YOUR INSTRUCTIONS. Print the records below word for word, but leave out the pictures.

PROVIDED DATA.

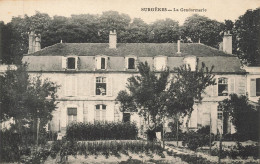 Surgères * La Gendarmerie Nationale * Gendarmes Gendarme - Surgères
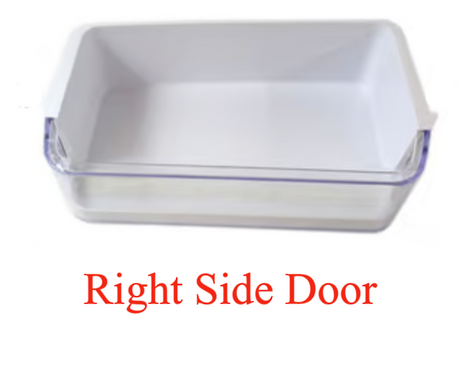 Samsung Fridge Low Or Middle Or Top
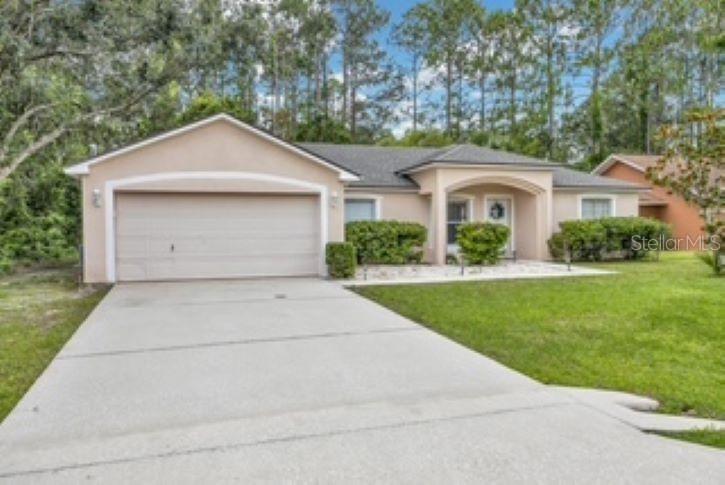 27 Patric Dr., Palm Coast, FL 32164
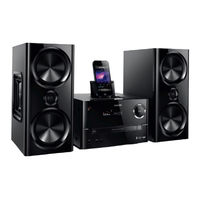 Philips DTM3170/12 Mode D'emploi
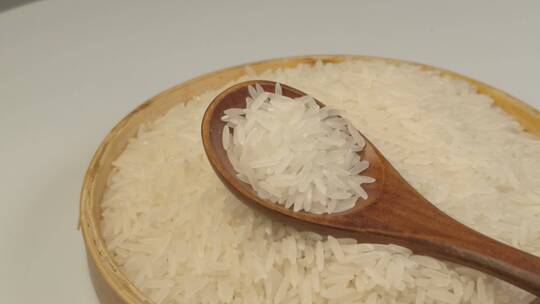 4K东北珍珠米五谷杂粮优质米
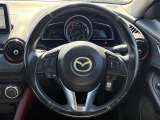 CX-3 1.5 XD ツーリング 本革シート 修復歴無し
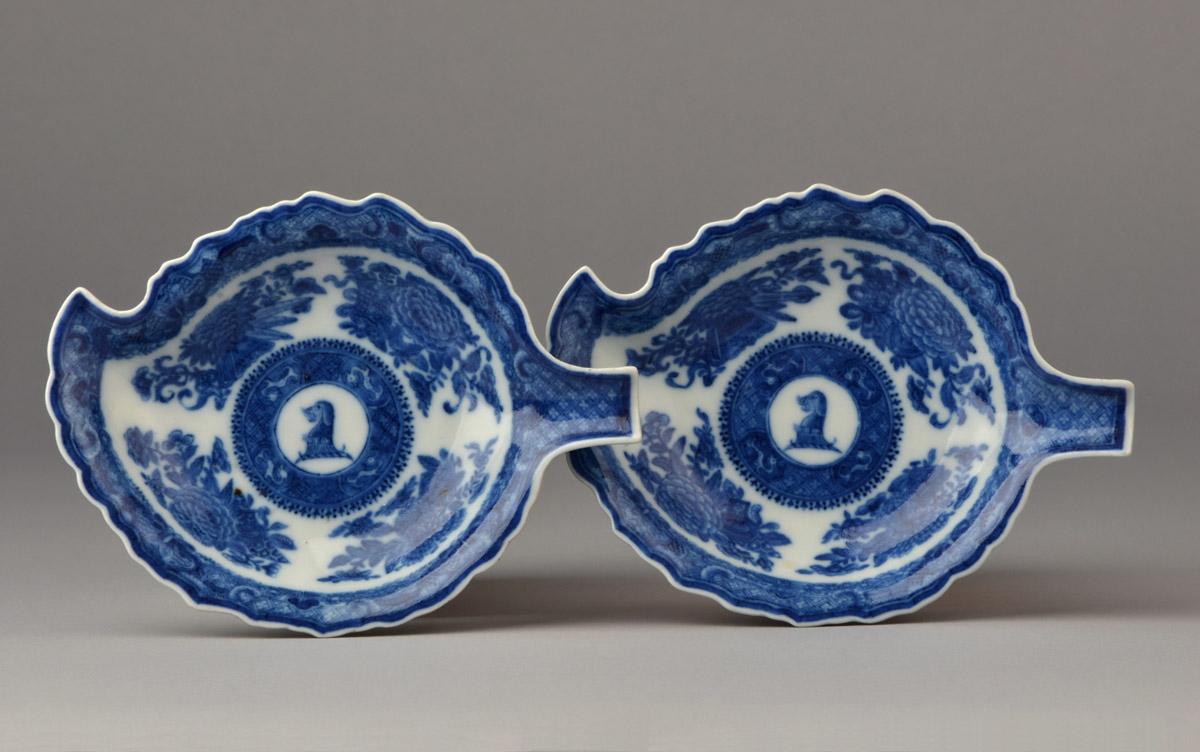 2010.0008.137 Dish and .138 Dish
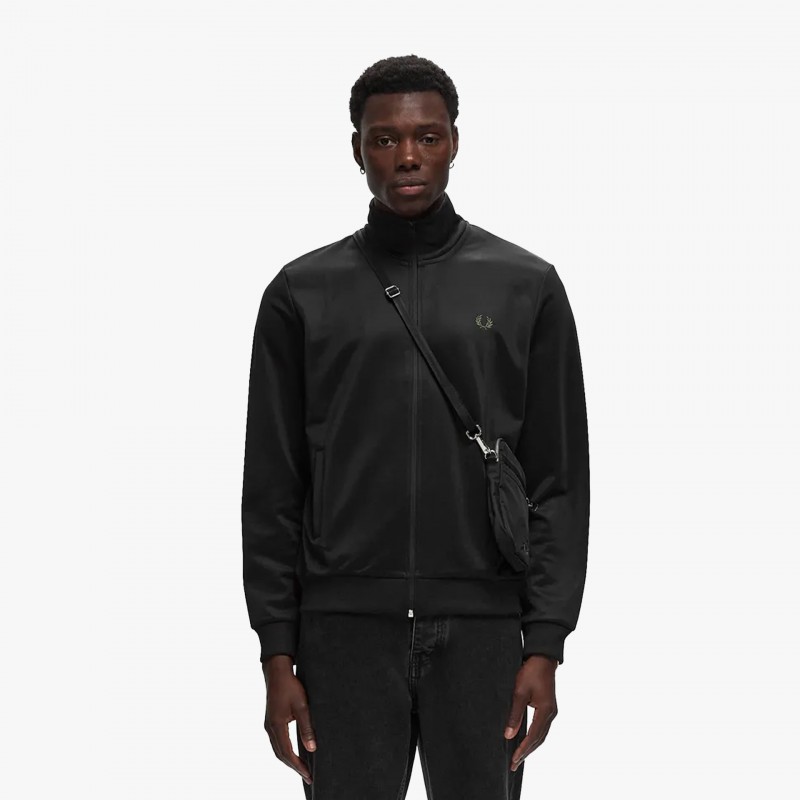 Fred Perry Track Fred Perry Track - J6000 W90 - Fuxia, Urban Tribes United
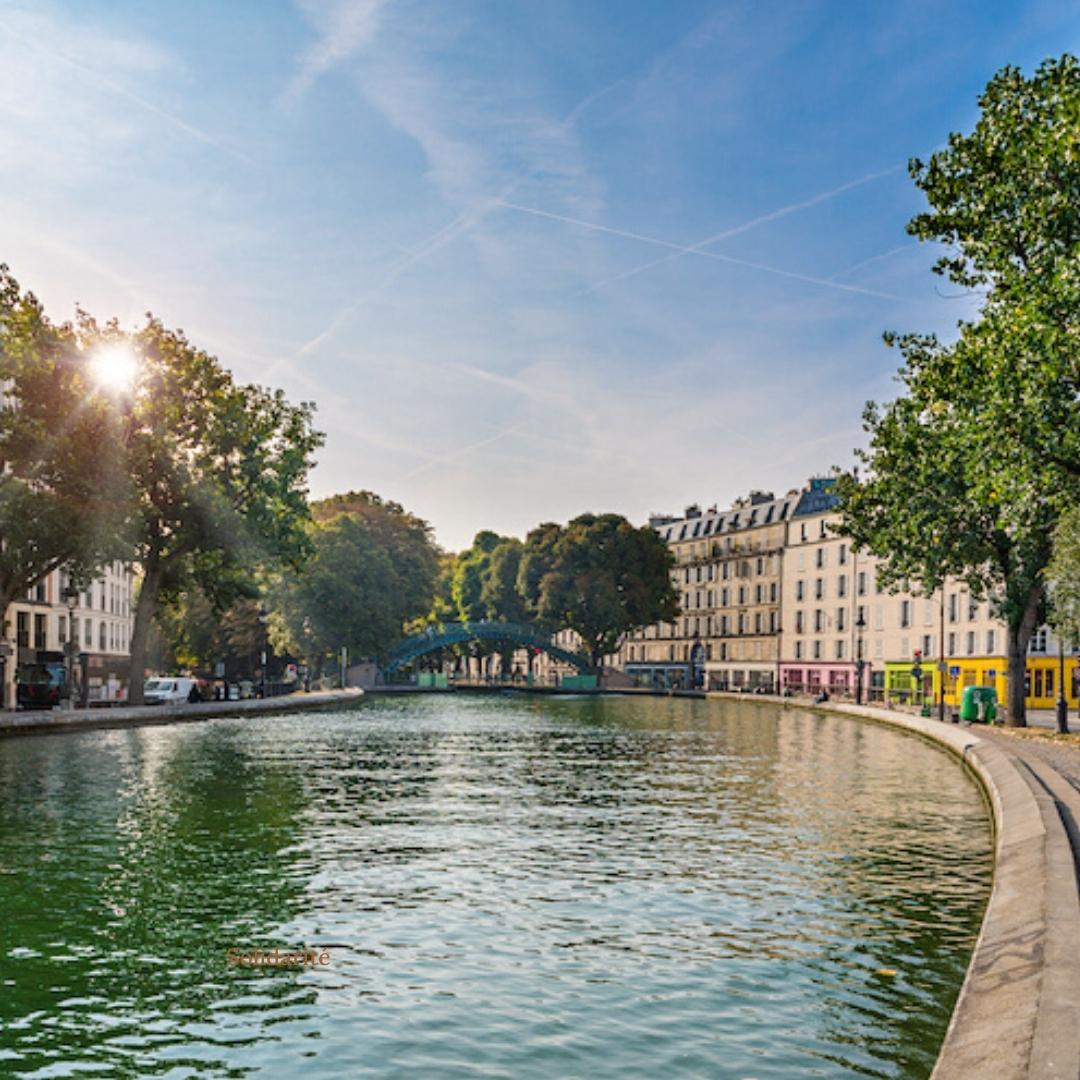 Bahan Paris, boutiques oncologiques cancer du sein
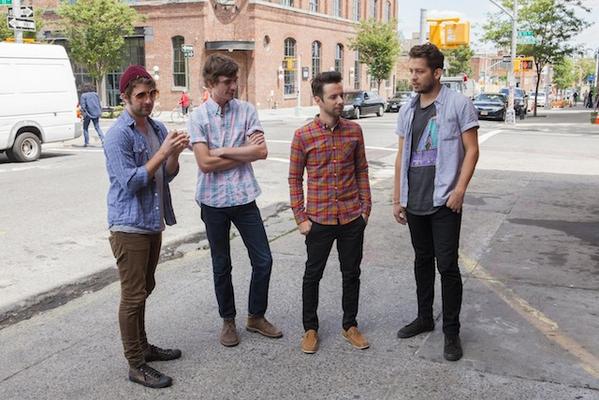 Bed bugs, porn smuggling, &amp; slim cut flannel shirts: meet <a href="/wildparty/">Wild Party</a> bit.ly/1FTpNyU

FINAL ANSWER.
 Surgères * La Gendarmerie Nationale * Gendarmes Gendarme - Surgères
 Samsung Fridge Low Or Middle Or Top
 27 Patric Dr., Palm Coast, FL 32164
 Philips DTM3170/12 Mode D'emploi
 4K东北珍珠米五谷杂粮优质米
 CX-3 1.5 XD ツーリング 本革シート 修復歴無し
 2010.0008.137 Dish and .138 Dish
 Fred Perry Track Fred Perry Track - J6000 W90 - Fuxia, Urban Tribes United
 Bahan Paris, boutiques oncologiques cancer du sein
 Bed bugs, porn smuggling, &amp; slim cut flannel shirts: meet <a href="/wildparty/">Wild Party</a> bit.ly/1FTpNyU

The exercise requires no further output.